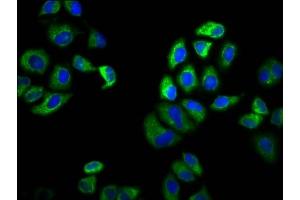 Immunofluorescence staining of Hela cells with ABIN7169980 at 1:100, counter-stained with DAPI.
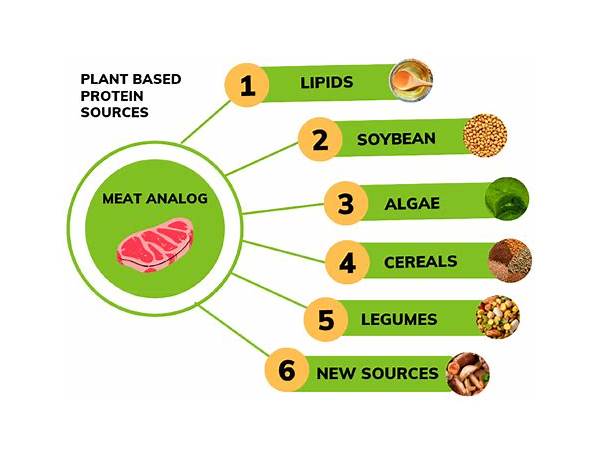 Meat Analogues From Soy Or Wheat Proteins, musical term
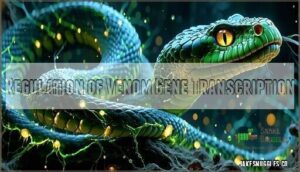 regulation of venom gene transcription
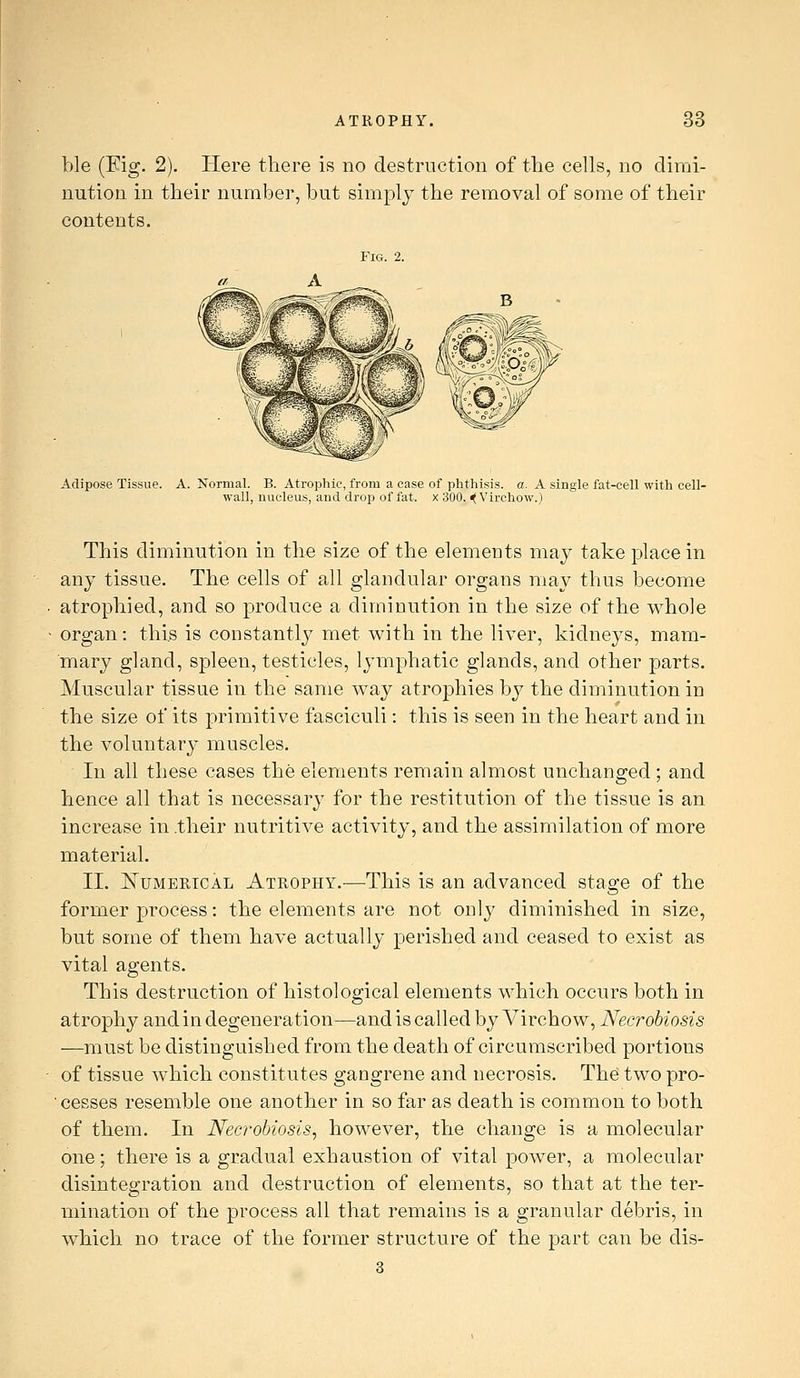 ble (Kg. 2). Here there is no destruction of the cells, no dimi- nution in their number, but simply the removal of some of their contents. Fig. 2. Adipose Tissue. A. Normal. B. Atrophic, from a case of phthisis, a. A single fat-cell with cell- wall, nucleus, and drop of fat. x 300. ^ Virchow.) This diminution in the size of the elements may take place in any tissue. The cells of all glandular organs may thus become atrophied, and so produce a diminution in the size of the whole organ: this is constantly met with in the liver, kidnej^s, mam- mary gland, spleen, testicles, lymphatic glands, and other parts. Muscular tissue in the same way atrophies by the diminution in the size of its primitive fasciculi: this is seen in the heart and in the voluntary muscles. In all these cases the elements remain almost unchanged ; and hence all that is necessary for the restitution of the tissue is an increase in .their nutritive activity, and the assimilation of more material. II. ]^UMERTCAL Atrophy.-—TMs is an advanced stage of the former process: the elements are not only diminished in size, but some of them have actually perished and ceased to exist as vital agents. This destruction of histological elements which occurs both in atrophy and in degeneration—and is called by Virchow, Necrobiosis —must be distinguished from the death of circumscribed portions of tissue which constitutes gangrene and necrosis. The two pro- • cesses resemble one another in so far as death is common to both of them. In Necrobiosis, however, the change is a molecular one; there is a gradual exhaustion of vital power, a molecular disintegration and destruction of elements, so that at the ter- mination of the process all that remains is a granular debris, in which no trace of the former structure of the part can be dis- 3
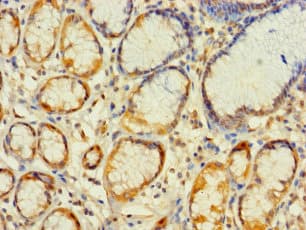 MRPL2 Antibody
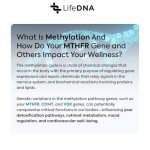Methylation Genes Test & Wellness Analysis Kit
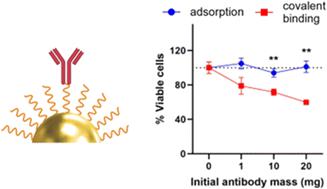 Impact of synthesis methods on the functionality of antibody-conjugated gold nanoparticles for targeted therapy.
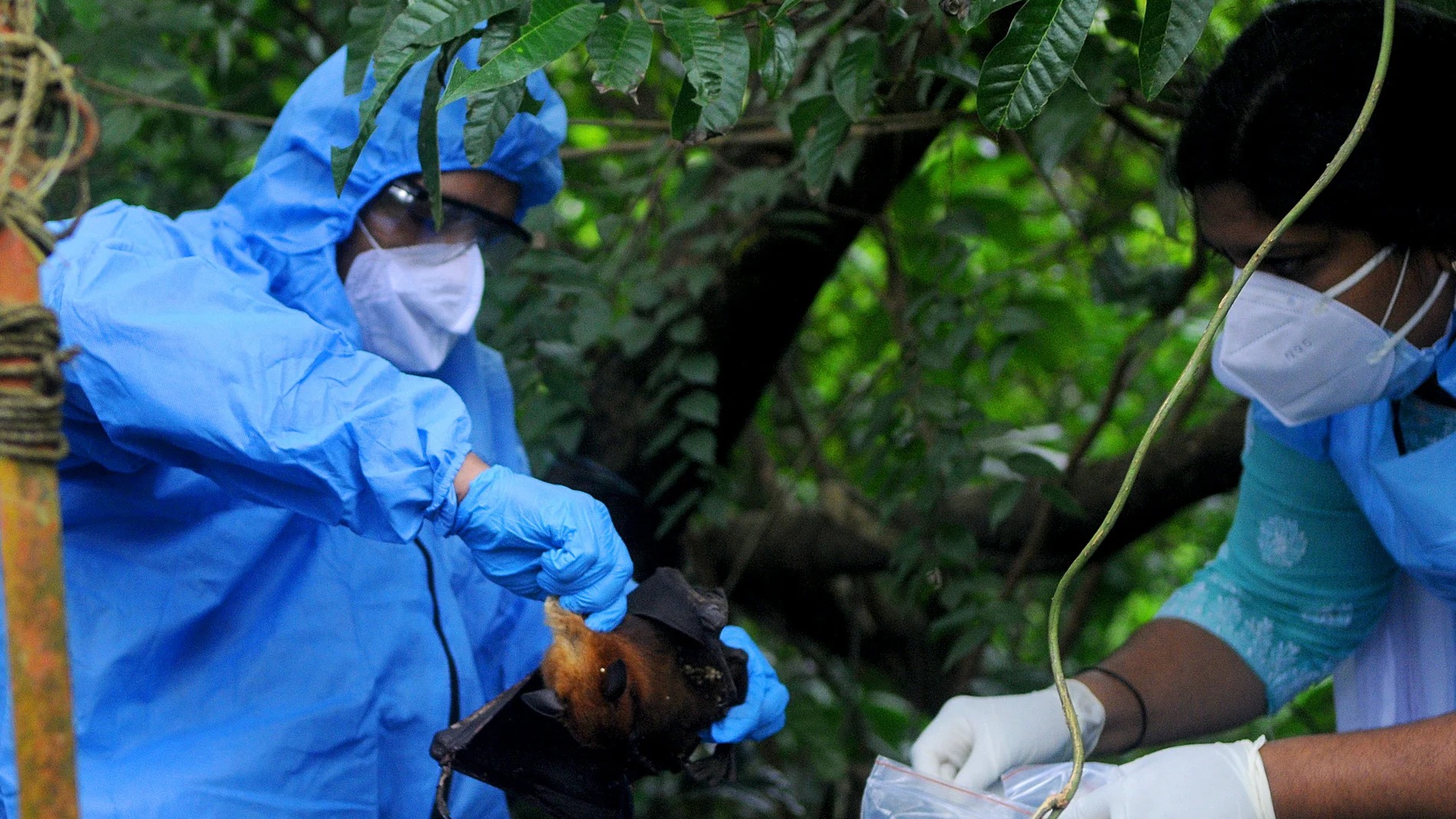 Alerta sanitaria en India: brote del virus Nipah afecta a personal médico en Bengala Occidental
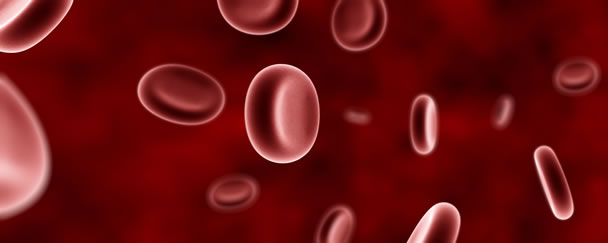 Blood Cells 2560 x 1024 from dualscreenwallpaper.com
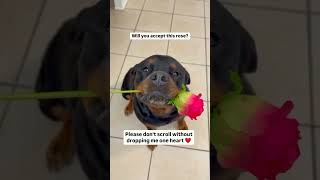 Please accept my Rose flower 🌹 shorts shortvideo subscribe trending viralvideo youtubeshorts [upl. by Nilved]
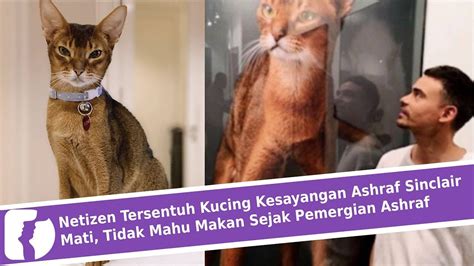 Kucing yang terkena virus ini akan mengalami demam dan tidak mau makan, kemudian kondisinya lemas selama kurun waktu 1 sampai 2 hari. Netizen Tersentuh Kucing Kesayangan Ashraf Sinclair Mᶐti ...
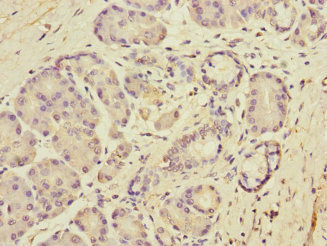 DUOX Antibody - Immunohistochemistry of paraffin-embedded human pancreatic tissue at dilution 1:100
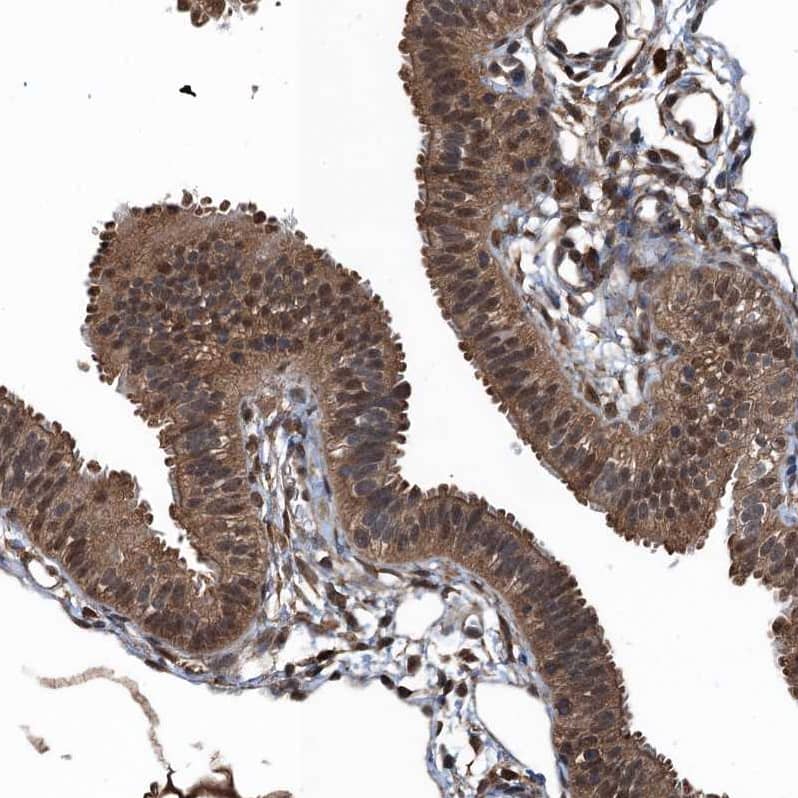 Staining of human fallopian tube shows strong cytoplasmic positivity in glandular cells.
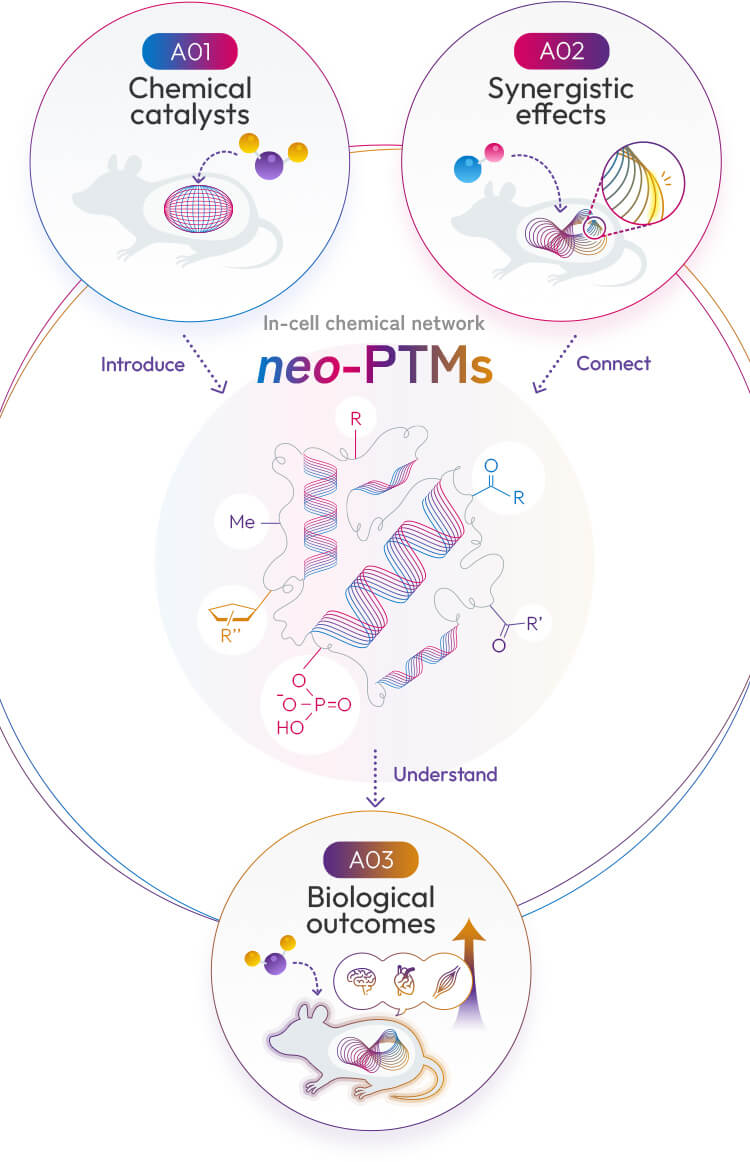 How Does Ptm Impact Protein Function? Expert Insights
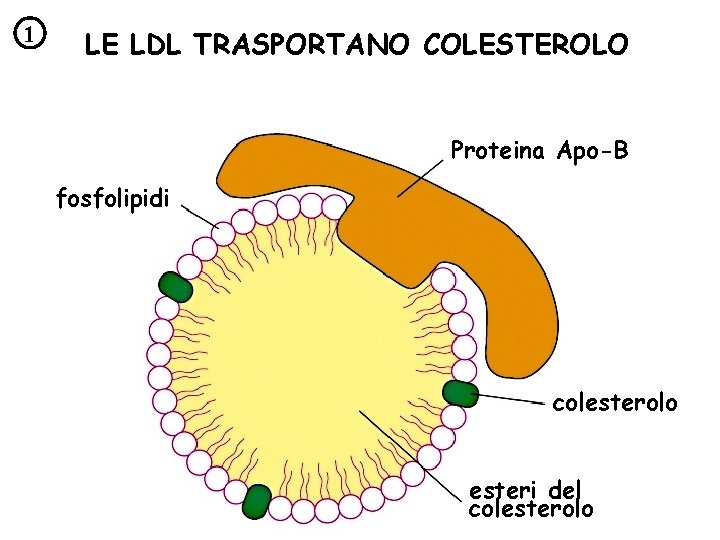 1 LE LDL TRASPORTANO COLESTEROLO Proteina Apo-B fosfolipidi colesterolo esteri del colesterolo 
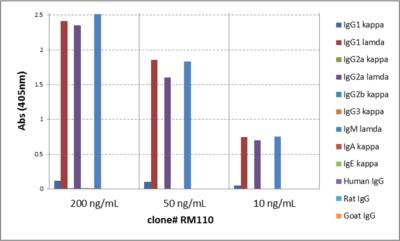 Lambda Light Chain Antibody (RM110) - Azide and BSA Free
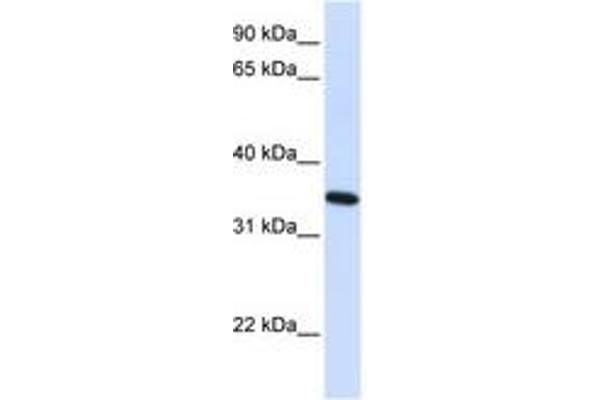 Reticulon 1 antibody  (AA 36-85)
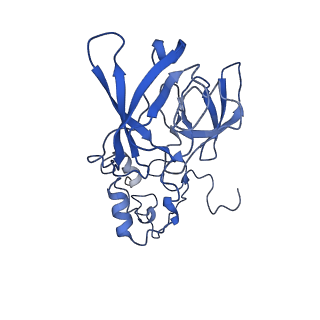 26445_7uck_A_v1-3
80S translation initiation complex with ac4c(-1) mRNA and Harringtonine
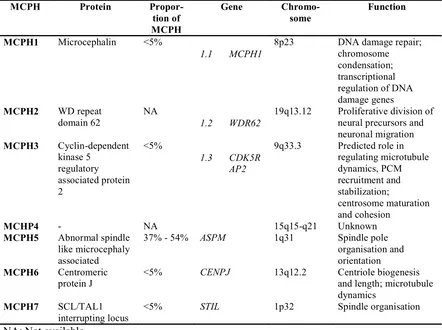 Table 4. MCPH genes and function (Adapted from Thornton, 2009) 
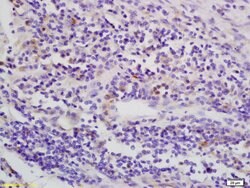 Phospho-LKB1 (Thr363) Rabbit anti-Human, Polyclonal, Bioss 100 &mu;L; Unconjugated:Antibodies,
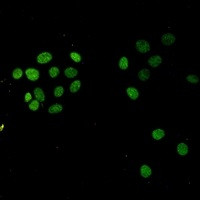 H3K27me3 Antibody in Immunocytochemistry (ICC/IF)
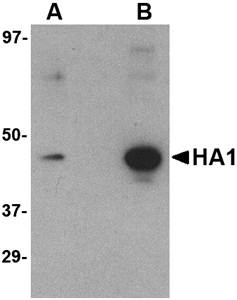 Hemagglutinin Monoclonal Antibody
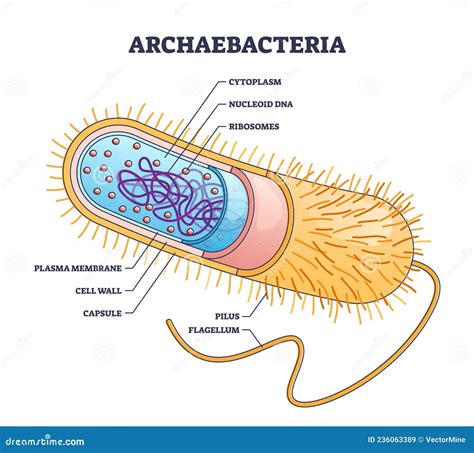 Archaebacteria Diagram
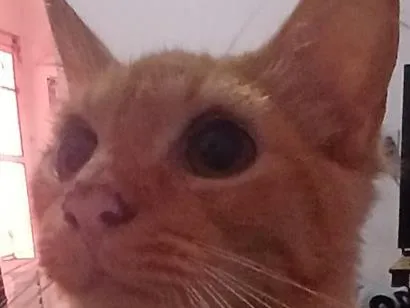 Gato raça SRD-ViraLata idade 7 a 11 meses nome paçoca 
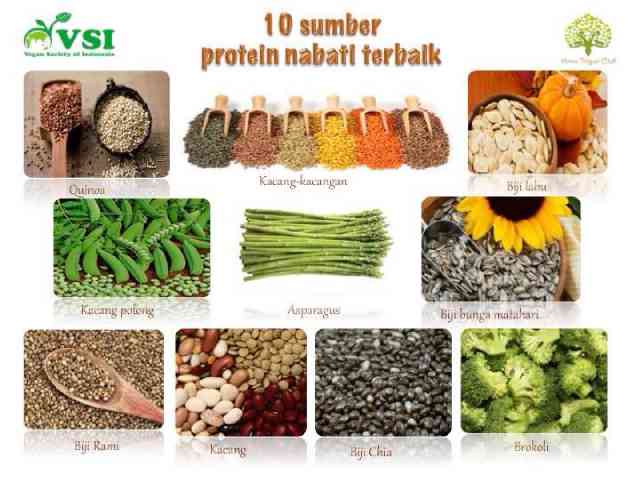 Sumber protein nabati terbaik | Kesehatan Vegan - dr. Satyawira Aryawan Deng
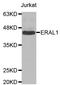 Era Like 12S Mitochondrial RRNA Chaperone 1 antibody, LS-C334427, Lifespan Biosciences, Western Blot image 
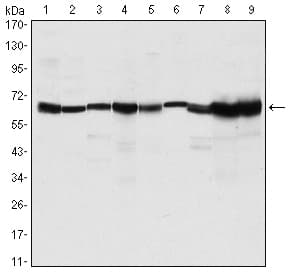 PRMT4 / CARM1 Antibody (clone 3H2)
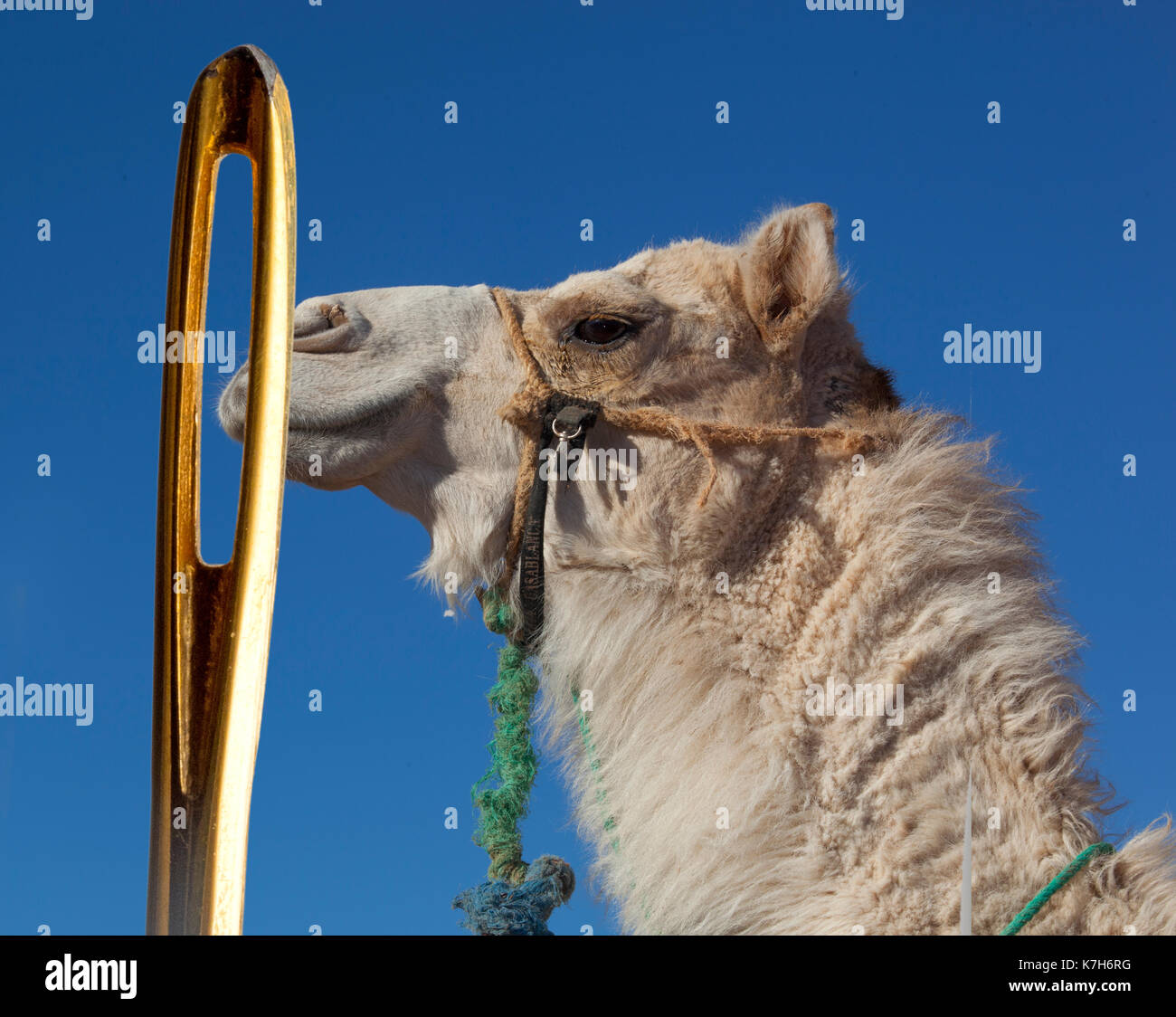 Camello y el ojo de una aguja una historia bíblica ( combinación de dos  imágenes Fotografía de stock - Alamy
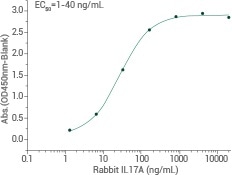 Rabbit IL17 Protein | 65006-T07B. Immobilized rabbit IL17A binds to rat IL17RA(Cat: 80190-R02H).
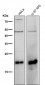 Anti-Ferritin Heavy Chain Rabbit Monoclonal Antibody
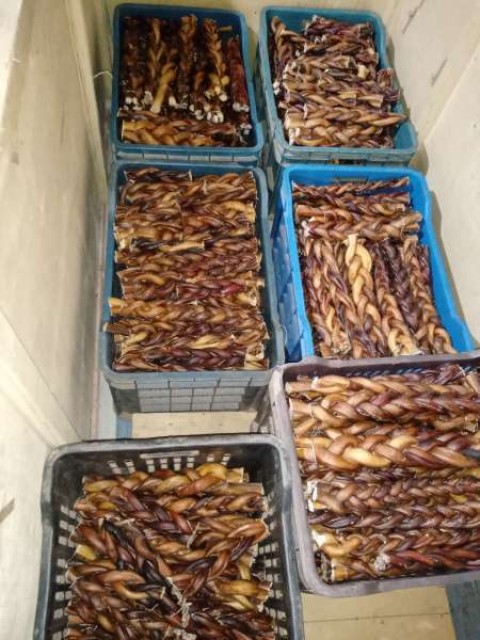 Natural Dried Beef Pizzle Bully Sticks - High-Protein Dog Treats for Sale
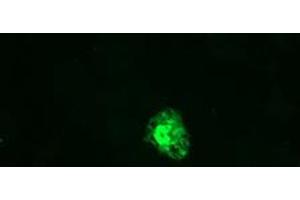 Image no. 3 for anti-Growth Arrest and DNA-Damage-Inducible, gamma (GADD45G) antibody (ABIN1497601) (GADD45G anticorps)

WORK ORDER: Skip the pictures and quote each line of the entries above, from the first through the line with "regulation of venom gene transcription", exactly as it appears.

COMPLETED EXERCISE:
 Immunofluorescence staining of Hela cells with ABIN7169980 at 1:100, counter-stained with DAPI.
 Meat Analogues From Soy Or Wheat Proteins, musical term
 regulation of venom gene transcription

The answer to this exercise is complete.